I would like the lines below, from the one with "Wholesale Cat with" through the one with "Organic Vitamin C", copied exactly and without any pictures.

*** INFORMATION Section Begins ***

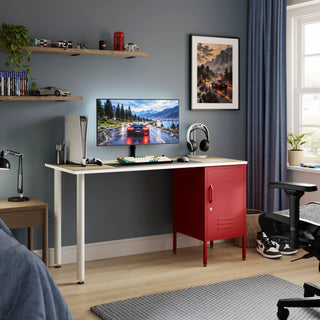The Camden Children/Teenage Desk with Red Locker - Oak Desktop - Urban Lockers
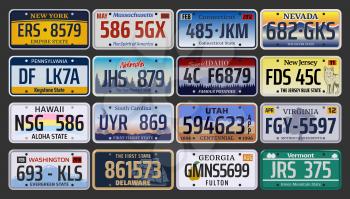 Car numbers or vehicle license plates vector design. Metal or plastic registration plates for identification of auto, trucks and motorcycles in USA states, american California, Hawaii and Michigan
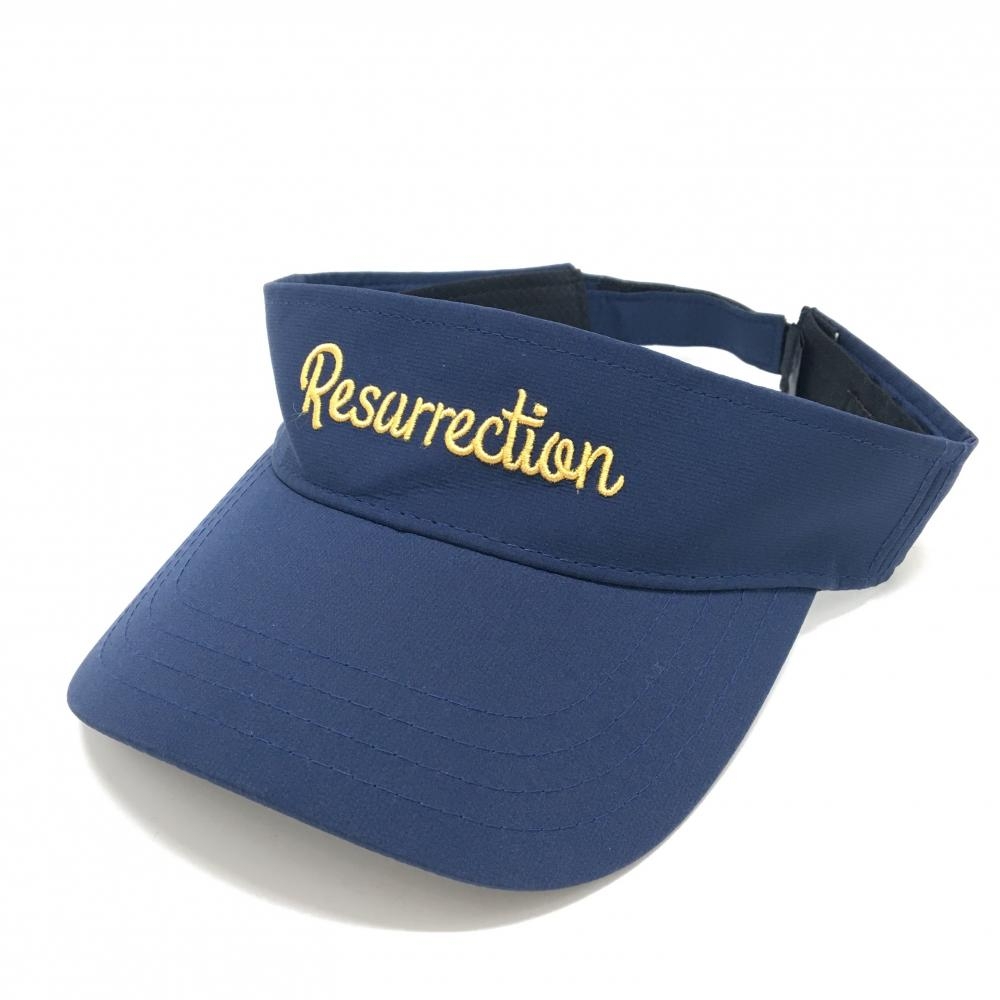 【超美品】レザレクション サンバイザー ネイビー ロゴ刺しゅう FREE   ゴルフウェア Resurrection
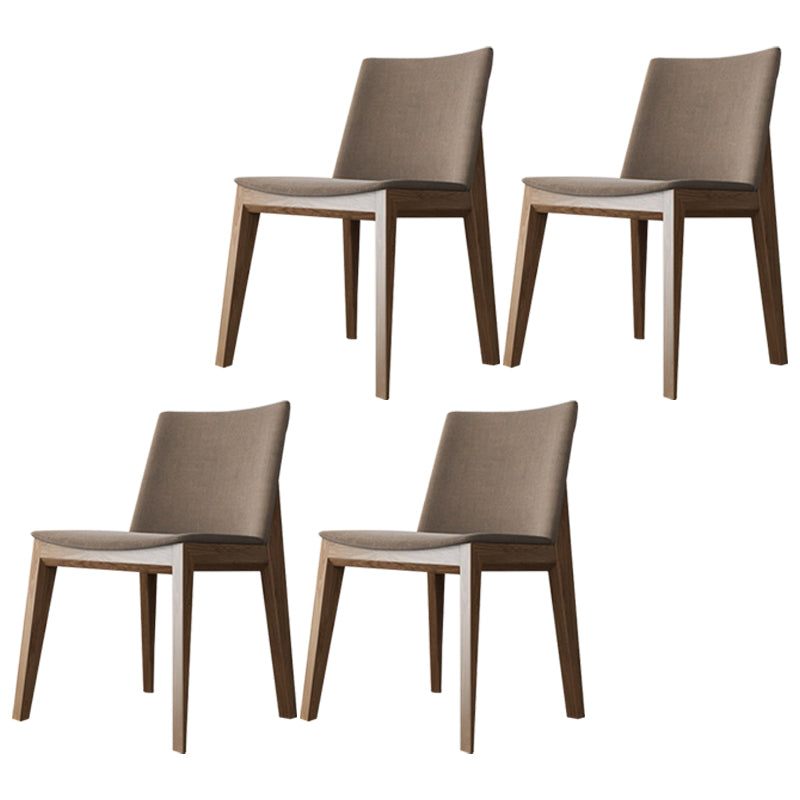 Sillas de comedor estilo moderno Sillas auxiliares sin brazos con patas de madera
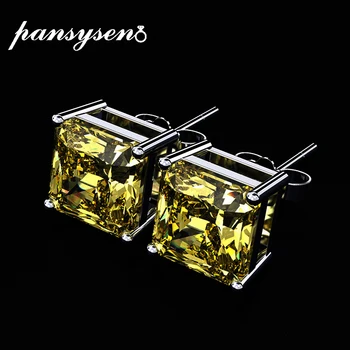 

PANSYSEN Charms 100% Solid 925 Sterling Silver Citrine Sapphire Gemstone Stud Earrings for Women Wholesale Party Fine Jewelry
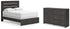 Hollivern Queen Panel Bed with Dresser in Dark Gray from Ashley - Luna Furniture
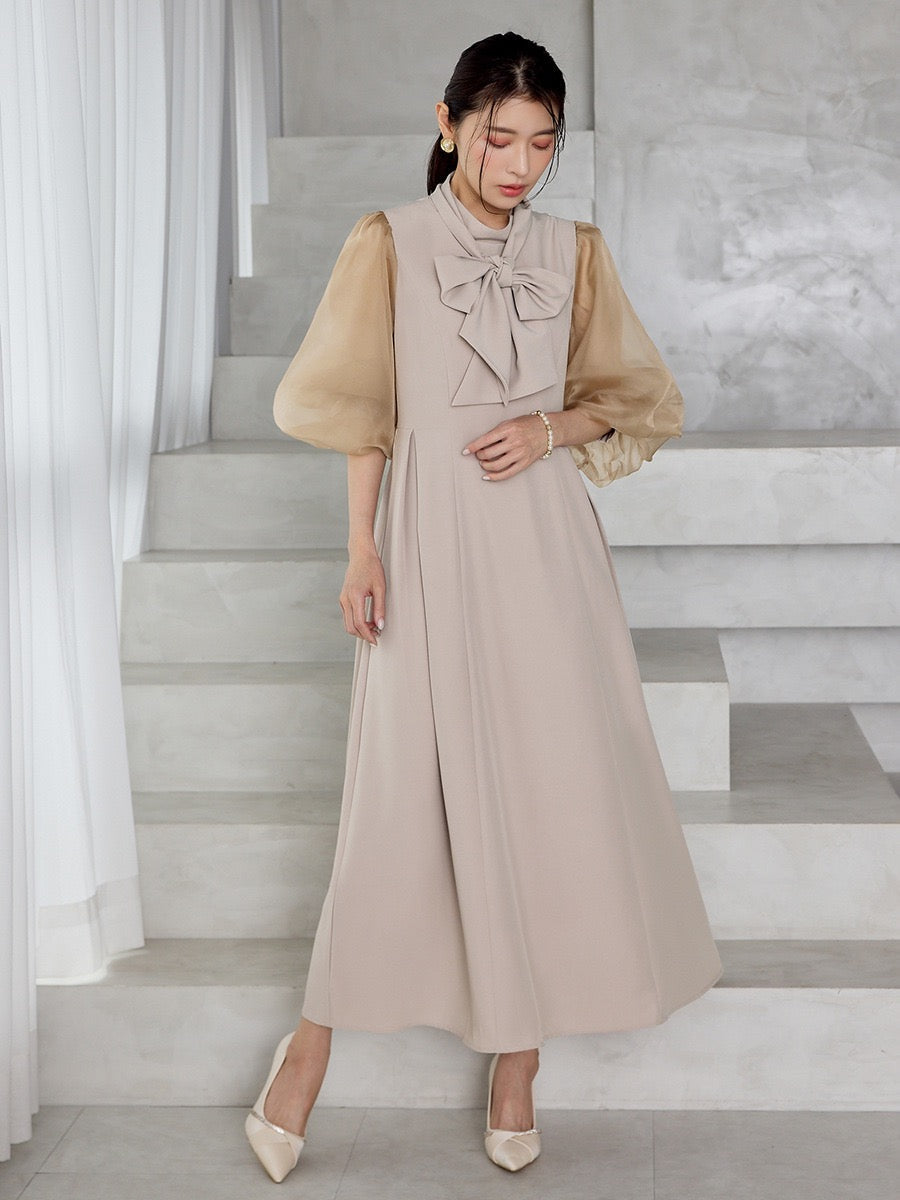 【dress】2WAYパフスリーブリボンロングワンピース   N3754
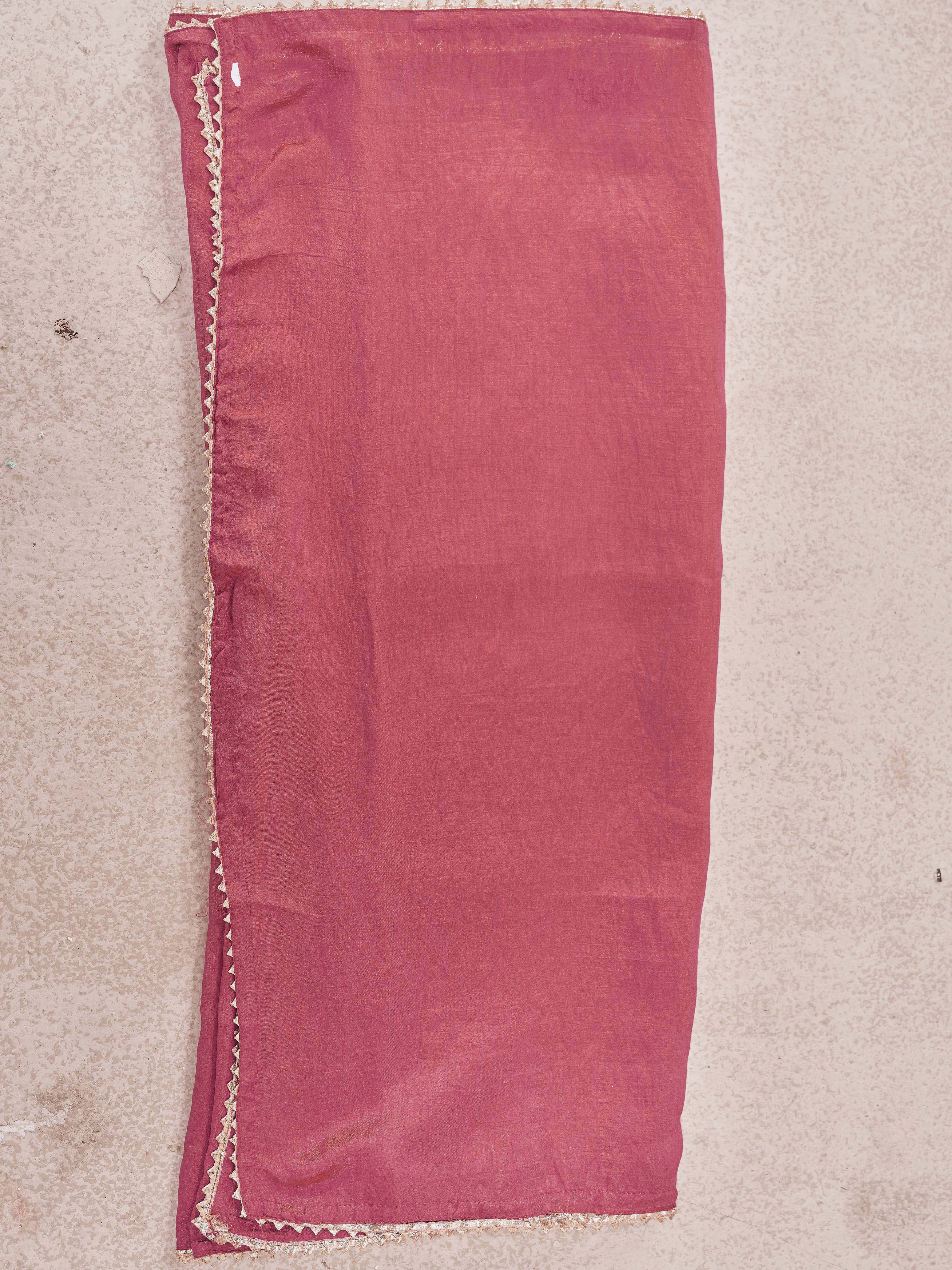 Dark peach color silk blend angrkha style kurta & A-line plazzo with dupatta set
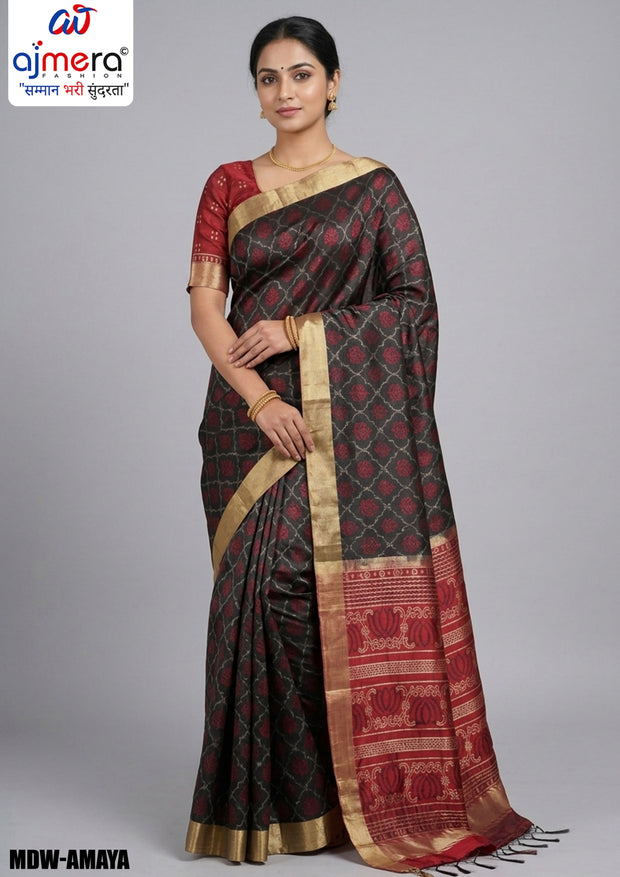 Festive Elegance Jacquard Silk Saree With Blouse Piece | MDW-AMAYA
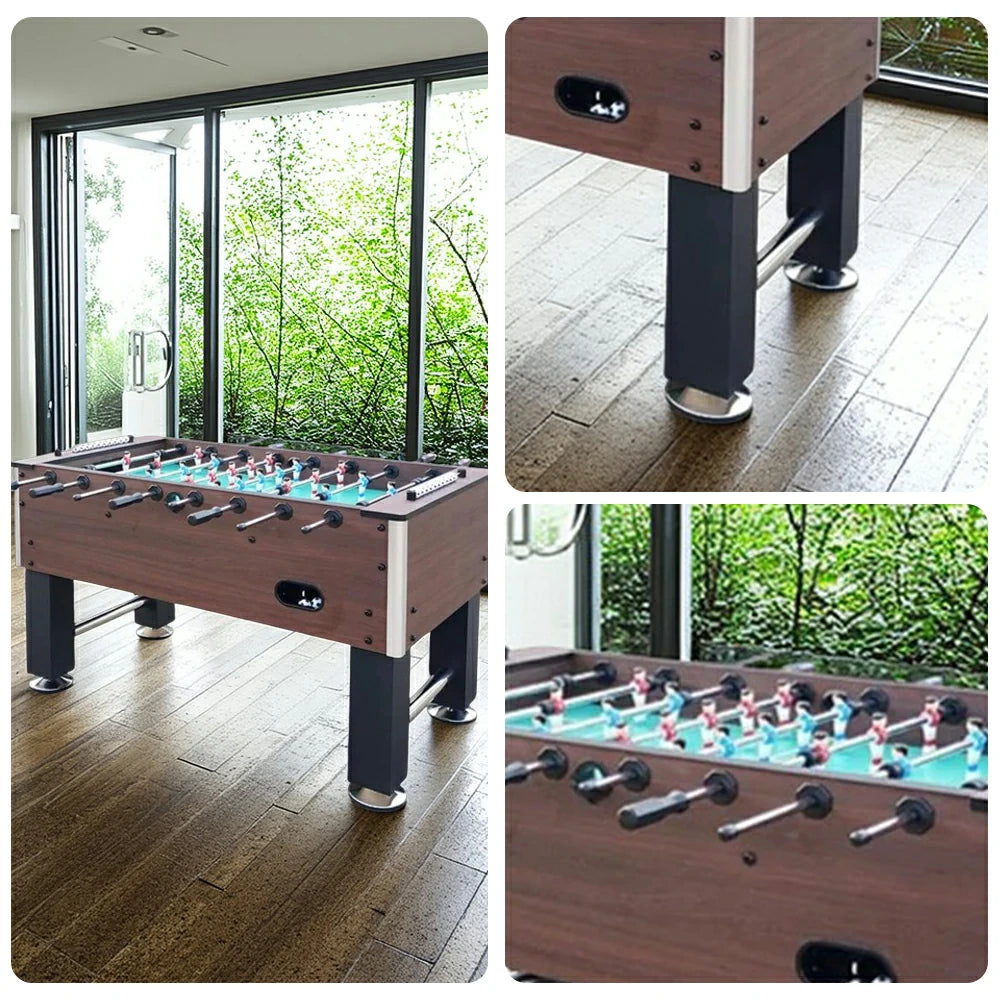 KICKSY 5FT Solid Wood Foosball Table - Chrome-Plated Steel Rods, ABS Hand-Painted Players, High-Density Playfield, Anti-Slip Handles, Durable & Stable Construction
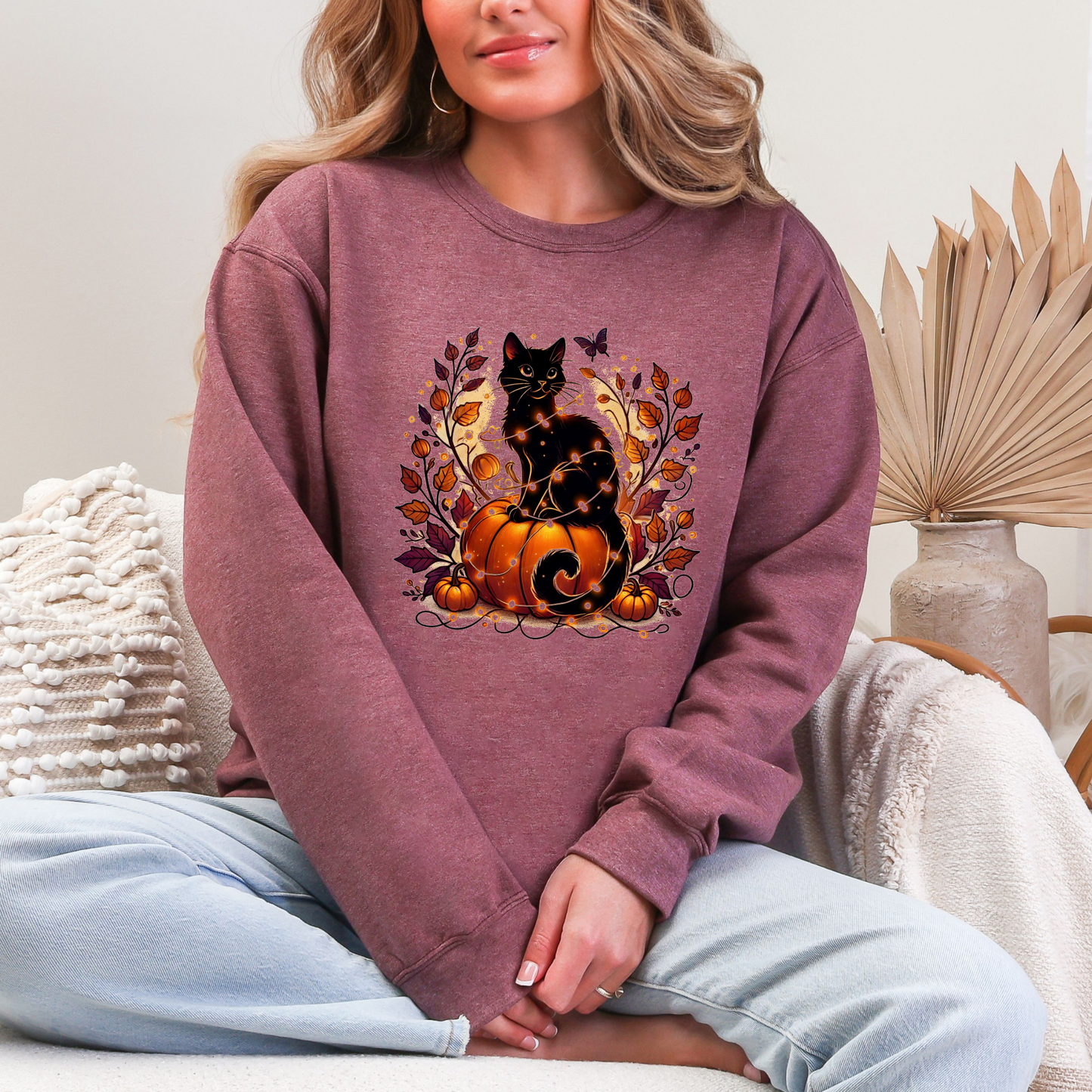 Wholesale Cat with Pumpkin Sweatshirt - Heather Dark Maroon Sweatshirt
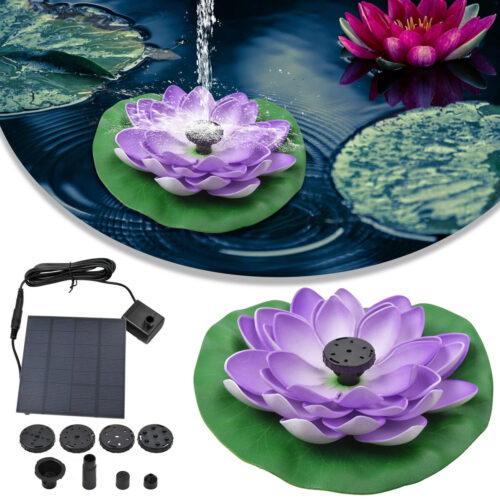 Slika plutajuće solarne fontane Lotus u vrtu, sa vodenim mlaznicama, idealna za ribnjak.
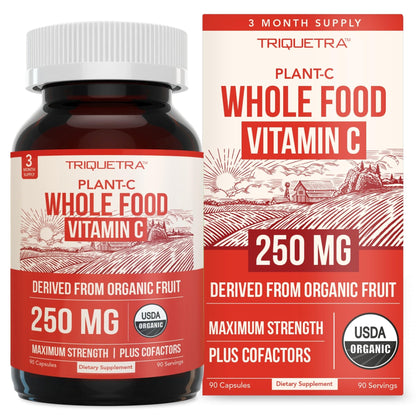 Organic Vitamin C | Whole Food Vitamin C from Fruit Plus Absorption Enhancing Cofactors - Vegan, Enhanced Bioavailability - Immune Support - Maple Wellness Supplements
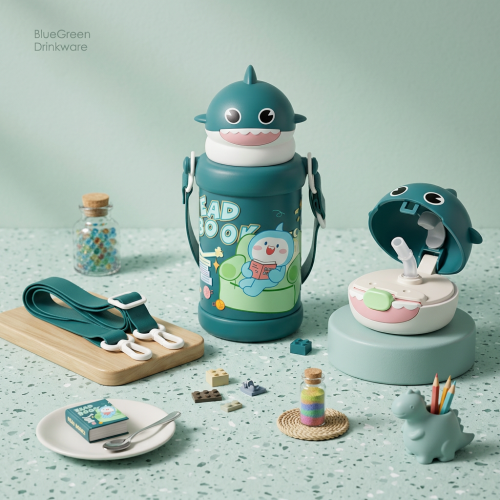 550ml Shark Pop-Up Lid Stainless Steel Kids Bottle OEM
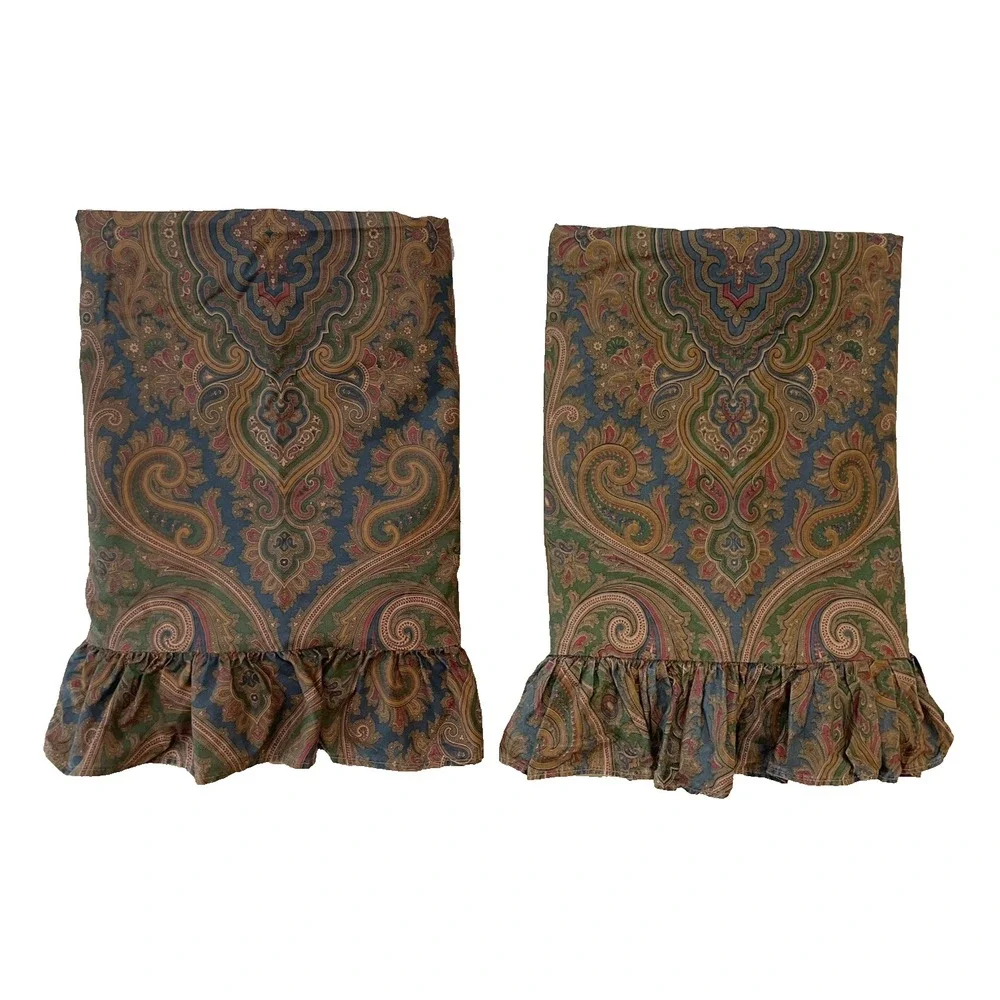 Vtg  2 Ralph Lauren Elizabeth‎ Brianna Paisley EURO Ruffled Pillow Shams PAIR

*** INFORMATION Section Ends ***

**FINISHED EXERCISE**
 Wholesale Cat with Pumpkin Sweatshirt - Heather Dark Maroon Sweatshirt
 Slika plutajuće solarne fontane Lotus u vrtu, sa vodenim mlaznicama, idealna za ribnjak.
 Organic Vitamin C | Whole Food Vitamin C from Fruit Plus Absorption Enhancing Cofactors - Vegan, Enhanced Bioavailability - Immune Support - Maple Wellness Supplements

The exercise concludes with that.